Downloading datasets¶
Download one or more datasets by UUID or numeric index:
# Download by UUID
cxg dataset download ID1 ID2 ID3
# Download by numeric index
cxg dataset download 42 57
# Download as RDS instead of H5AD (default)
cxg dataset download ID1 --filetype rds
# Specify output directory
cxg dataset download ID1 --output-dir ./data
# Skip confirmation prompt
cxg dataset download ID1 --yes
# Overwrite existing files
cxg dataset download ID1 --overwrite
Downloading a whole collection¶
Pass --collection-id to download every dataset in a collection without listing IDs by hand:
--collection-id is mutually exclusive with positional dataset IDs and stdin input.
Parallel downloads¶
Multiple datasets are downloaded concurrently, each with its own progress bar.
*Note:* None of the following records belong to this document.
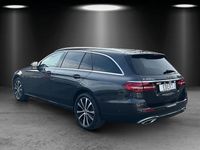 Gebraucht Mercedes E300 Avantgarde 306 PS (225 kW) 2020 Grau Limousine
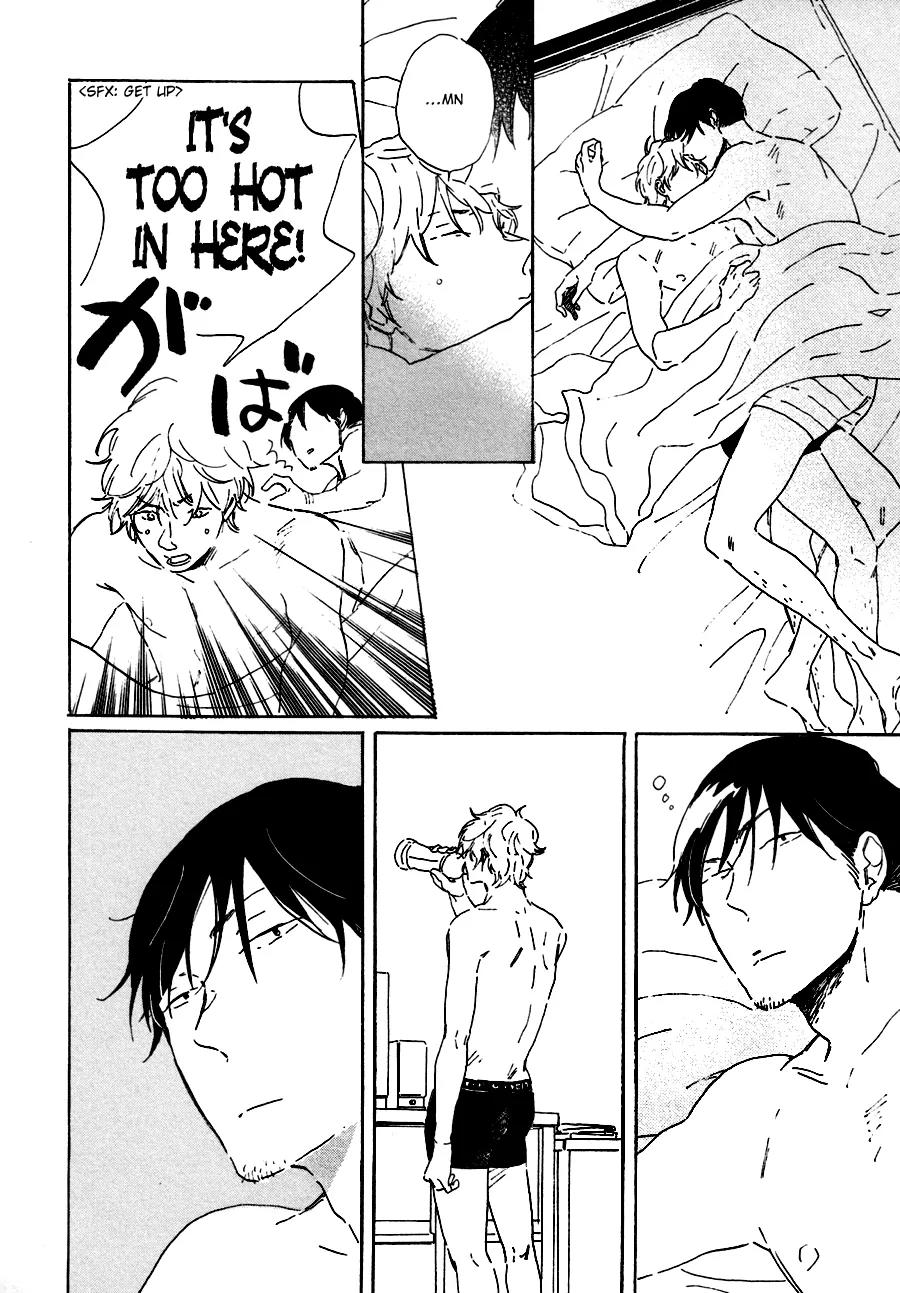 Kare no Barairo no Jinsei Chapter 4 page 9 - Chapter 4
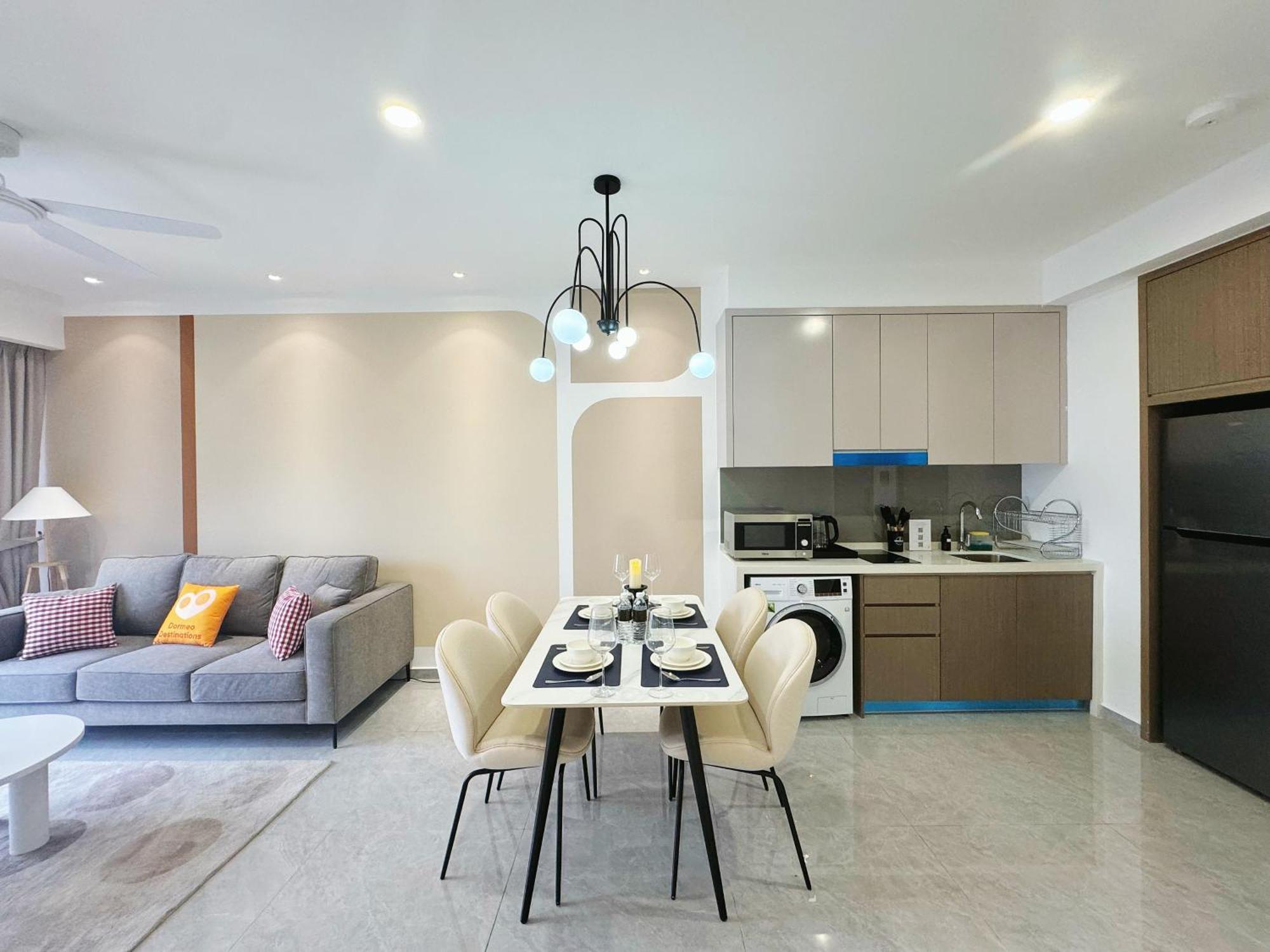 Agile Bukit Bintang Trx By Dormeo Destinations Daire Kuala Lumpur Dış mekan fotoğraf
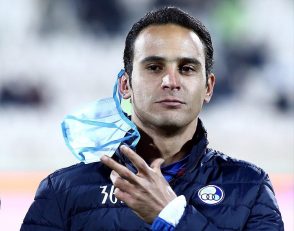 ادعای عجیب آرش برهانی درباره پرسپولیس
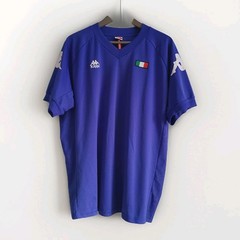Kappa Men’s Jersey Italian Short Sleeve Size XXL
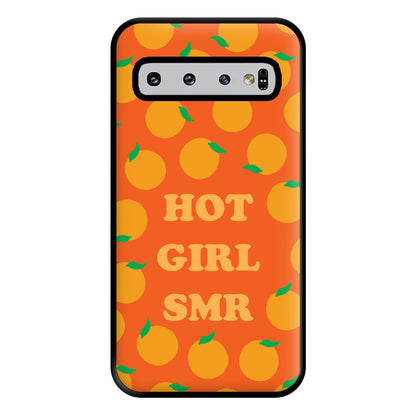 Hot Girl SMR - Summer Phone Case for Galaxy S10 Plus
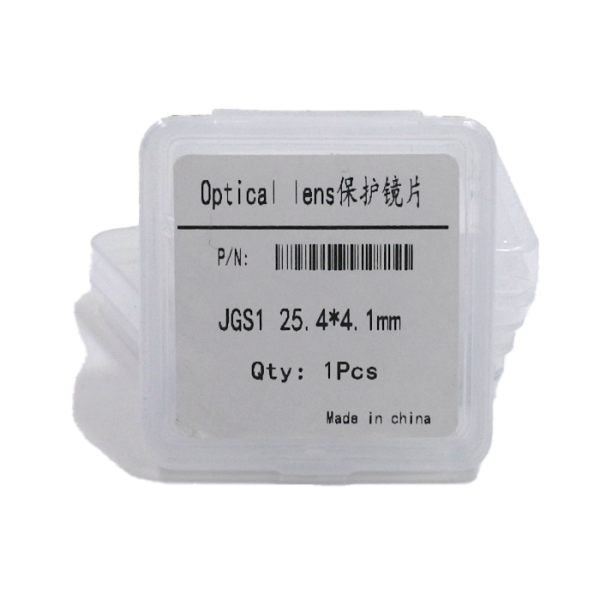 Стекло защитное 25,4*4 мм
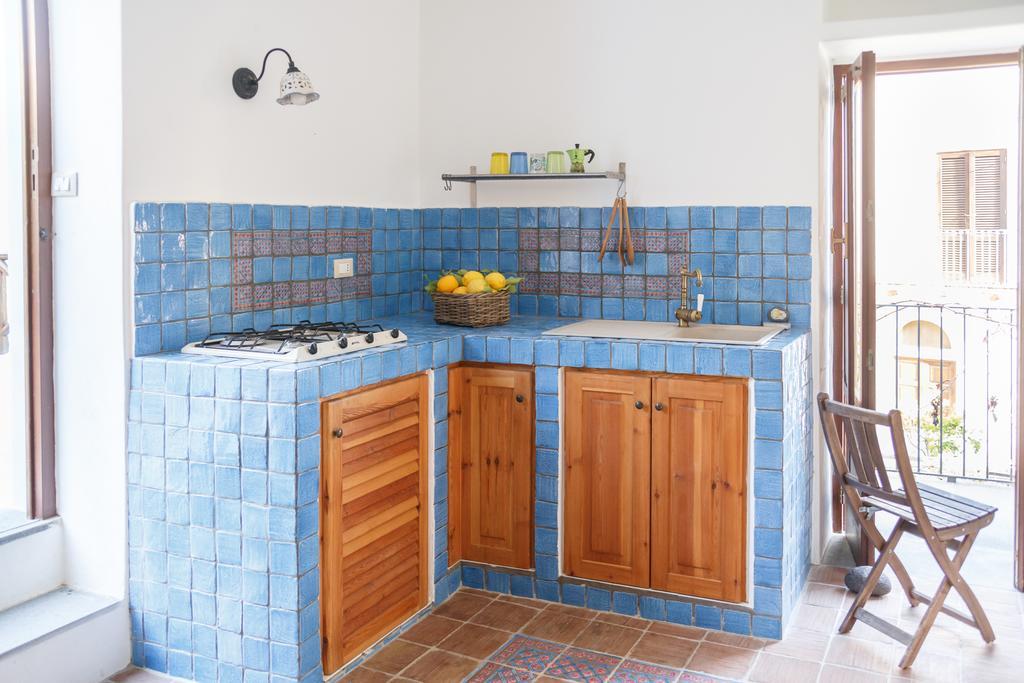 La Casa Del Pescatore Pecorini Exteriér fotografie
The default is 3 parallel downloads; tune it with --parallel/-j:
# Download 5 datasets, 5 in parallel
cxg dataset download ID1 ID2 ID3 ID4 ID5 -j 5
# Disable parallelism (sequential)
cxg dataset download ID1 ID2 ID3 -j 1
The valid range is 1-16. Higher values rarely help on a single network connection and can clutter the terminal.
Piped workflows¶
Dataset IDs can be piped from one command to another:
# Filter datasets, then download the matches
cxg list --organism "Homo sapiens" --tissue retina --id-only | cxg dataset download
# Download the 5 largest human datasets
cxg list --organism "Homo sapiens" --sort-by "cell_count desc" --limit 5 --id-only \
| cxg dataset download --output-dir ./large_datasets